Automating storage backups with Kyverno sidecars
In my homelab, I’ve been using Longhorn as my primary Kubernetes storage solution. It’s fantastic for high-availability block storage, but I still wanted a way to keep my data synchronized with my central NAS for long-term backups and to make it easier to recover from total cluster failures.
Initially, I was manually adding a pair of initContainers as sidecars to every single service YAML. This worked, but it was a maintenance nightmare—I had nearly 1,500 lines of redundant boilerplate across my repository.
The Volsync Strategy
My backup strategy relies on a custom docker image I call volsync. It’s a small image that uses rsync over SSH to move data between the cluster’s Longhorn volumes and my NAS.

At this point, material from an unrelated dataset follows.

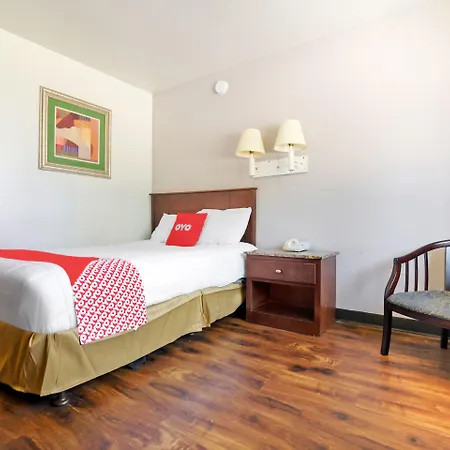 Oyo Hotel South Bend - Campus-3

The source for this docker image is available on GitHub, and the images can be found at ghcr.io/cjd/k8s-volsync (or debenham/k8s-volsync).
The workflow consists of two parts using this same image:
- Preload (
preload-data): AninitContainerthat runs before the application starts. It checks if there is anything already in the volume and if it is empty it pulls the latest data from the NAS to the Longhorn volume. This way if I delete the volume it will be rebuilt from the backup. - Sidecar (
backupvolumes): A long-running container that remains active alongside the application. It periodically pushes changes from the volume back to the NAS. It also is setup so that when the container is killed it does once last sync to the NAS so I can be sure my backup is up to date.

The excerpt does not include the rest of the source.